*Problem description*. After locating the line that contains "Girls Pink Short" in the following entries, reproduce it and each later line exactly, including the last.
===== Given records =====
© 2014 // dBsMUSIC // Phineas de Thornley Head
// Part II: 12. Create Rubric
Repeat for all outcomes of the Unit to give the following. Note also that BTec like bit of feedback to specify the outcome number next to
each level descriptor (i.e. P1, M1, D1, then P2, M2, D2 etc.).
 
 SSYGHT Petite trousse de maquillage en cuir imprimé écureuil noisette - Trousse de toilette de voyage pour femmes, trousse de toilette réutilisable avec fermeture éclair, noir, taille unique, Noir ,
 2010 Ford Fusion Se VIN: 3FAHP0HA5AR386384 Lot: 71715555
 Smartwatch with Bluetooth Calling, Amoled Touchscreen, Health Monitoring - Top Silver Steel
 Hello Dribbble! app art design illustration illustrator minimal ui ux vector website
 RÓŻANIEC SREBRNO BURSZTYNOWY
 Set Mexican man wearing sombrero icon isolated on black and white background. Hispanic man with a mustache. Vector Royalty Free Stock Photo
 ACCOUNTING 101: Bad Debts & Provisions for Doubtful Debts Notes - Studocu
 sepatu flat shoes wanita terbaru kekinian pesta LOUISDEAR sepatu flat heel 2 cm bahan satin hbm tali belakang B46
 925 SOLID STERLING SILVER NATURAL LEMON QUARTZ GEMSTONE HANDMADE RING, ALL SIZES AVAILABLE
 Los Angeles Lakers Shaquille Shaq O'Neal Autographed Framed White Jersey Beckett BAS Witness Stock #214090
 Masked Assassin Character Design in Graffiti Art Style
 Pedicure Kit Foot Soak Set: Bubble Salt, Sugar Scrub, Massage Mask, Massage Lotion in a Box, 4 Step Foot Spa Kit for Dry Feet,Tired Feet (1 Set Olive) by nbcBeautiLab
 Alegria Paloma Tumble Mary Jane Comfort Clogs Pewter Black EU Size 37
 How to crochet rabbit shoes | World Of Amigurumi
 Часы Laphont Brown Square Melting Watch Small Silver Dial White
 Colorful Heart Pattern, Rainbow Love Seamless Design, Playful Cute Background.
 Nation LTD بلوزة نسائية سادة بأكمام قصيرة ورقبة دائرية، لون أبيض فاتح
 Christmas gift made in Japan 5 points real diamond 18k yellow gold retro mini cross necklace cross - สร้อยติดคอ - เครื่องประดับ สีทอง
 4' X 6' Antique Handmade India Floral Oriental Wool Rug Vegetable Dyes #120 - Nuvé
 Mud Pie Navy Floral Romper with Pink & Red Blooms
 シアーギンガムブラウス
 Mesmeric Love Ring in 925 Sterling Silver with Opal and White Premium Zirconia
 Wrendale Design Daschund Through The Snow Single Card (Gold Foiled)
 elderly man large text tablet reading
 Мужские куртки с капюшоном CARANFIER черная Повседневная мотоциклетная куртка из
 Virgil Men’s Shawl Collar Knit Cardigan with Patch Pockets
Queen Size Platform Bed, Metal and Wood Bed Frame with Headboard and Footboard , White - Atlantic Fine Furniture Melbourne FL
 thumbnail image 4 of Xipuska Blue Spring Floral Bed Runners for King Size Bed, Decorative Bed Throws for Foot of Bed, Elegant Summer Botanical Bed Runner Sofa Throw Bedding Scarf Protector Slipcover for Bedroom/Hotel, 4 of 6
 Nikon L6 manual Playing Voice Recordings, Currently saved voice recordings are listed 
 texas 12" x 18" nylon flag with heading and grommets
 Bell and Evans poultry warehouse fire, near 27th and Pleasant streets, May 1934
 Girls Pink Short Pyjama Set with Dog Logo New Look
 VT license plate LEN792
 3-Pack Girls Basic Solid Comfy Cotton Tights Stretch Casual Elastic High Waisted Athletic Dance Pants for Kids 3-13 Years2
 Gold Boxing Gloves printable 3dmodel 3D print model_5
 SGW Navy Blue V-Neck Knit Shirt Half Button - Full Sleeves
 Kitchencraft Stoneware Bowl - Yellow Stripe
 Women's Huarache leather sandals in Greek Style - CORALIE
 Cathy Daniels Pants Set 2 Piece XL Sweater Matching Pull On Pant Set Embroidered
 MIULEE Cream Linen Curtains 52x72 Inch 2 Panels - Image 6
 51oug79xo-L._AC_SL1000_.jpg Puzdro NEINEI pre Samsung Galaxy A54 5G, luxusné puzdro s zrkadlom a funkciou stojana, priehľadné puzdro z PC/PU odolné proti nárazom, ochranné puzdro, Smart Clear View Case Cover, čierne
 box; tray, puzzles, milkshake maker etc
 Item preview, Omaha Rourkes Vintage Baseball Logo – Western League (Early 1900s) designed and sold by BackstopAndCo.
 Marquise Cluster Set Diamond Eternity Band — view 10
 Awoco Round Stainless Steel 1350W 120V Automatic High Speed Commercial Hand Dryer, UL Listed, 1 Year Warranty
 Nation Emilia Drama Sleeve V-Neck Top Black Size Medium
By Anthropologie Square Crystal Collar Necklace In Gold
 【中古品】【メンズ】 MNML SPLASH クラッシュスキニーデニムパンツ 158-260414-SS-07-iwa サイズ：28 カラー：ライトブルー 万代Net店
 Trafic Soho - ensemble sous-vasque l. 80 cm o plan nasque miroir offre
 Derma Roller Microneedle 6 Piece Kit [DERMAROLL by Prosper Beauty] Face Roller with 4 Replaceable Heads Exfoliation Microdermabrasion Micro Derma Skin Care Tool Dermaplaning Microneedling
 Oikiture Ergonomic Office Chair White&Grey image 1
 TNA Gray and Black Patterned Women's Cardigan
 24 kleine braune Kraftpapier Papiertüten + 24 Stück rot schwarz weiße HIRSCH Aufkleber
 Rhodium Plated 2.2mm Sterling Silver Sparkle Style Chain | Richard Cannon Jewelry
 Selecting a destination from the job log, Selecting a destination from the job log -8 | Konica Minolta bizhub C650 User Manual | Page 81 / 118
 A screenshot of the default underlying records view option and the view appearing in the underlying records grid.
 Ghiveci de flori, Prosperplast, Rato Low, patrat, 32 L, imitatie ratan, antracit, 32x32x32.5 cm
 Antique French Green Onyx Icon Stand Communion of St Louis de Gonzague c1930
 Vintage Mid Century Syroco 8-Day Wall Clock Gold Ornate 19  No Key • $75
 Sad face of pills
=====
*Your response*.
 Girls Pink Short Pyjama Set with Dog Logo New Look
 VT license plate LEN792
 3-Pack Girls Basic Solid Comfy Cotton Tights Stretch Casual Elastic High Waisted Athletic Dance Pants for Kids 3-13 Years2
 Gold Boxing Gloves printable 3dmodel 3D print model_5
 SGW Navy Blue V-Neck Knit Shirt Half Button - Full Sleeves
 Kitchencraft Stoneware Bowl - Yellow Stripe
 Women's Huarache leather sandals in Greek Style - CORALIE
 Cathy Daniels Pants Set 2 Piece XL Sweater Matching Pull On Pant Set Embroidered
 MIULEE Cream Linen Curtains 52x72 Inch 2 Panels - Image 6
 51oug79xo-L._AC_SL1000_.jpg Puzdro NEINEI pre Samsung Galaxy A54 5G, luxusné puzdro s zrkadlom a funkciou stojana, priehľadné puzdro z PC/PU odolné proti nárazom, ochranné puzdro, Smart Clear View Case Cover, čierne
 box; tray, puzzles, milkshake maker etc
 Item preview, Omaha Rourkes Vintage Baseball Logo – Western League (Early 1900s) designed and sold by BackstopAndCo.
 Marquise Cluster Set Diamond Eternity Band — view 10
 Awoco Round Stainless Steel 1350W 120V Automatic High Speed Commercial Hand Dryer, UL Listed, 1 Year Warranty
 Nation Emilia Drama Sleeve V-Neck Top Black Size Medium
By Anthropologie Square Crystal Collar Necklace In Gold
 【中古品】【メンズ】 MNML SPLASH クラッシュスキニーデニムパンツ 158-260414-SS-07-iwa サイズ：28 カラー：ライトブルー 万代Net店
 Trafic Soho - ensemble sous-vasque l. 80 cm o plan nasque miroir offre
 Derma Roller Microneedle 6 Piece Kit [DERMAROLL by Prosper Beauty] Face Roller with 4 Replaceable Heads Exfoliation Microdermabrasion Micro Derma Skin Care Tool Dermaplaning Microneedling
 Oikiture Ergonomic Office Chair White&Grey image 1
 TNA Gray and Black Patterned Women's Cardigan
 24 kleine braune Kraftpapier Papiertüten + 24 Stück rot schwarz weiße HIRSCH Aufkleber
 Rhodium Plated 2.2mm Sterling Silver Sparkle Style Chain | Richard Cannon Jewelry
 Selecting a destination from the job log, Selecting a destination from the job log -8 | Konica Minolta bizhub C650 User Manual | Page 81 / 118
 A screenshot of the default underlying records view option and the view appearing in the underlying records grid.
 Ghiveci de flori, Prosperplast, Rato Low, patrat, 32 L, imitatie ratan, antracit, 32x32x32.5 cm
 Antique French Green Onyx Icon Stand Communion of St Louis de Gonzague c1930
 Vintage Mid Century Syroco 8-Day Wall Clock Gold Ornate 19  No Key • $75
 Sad face of pills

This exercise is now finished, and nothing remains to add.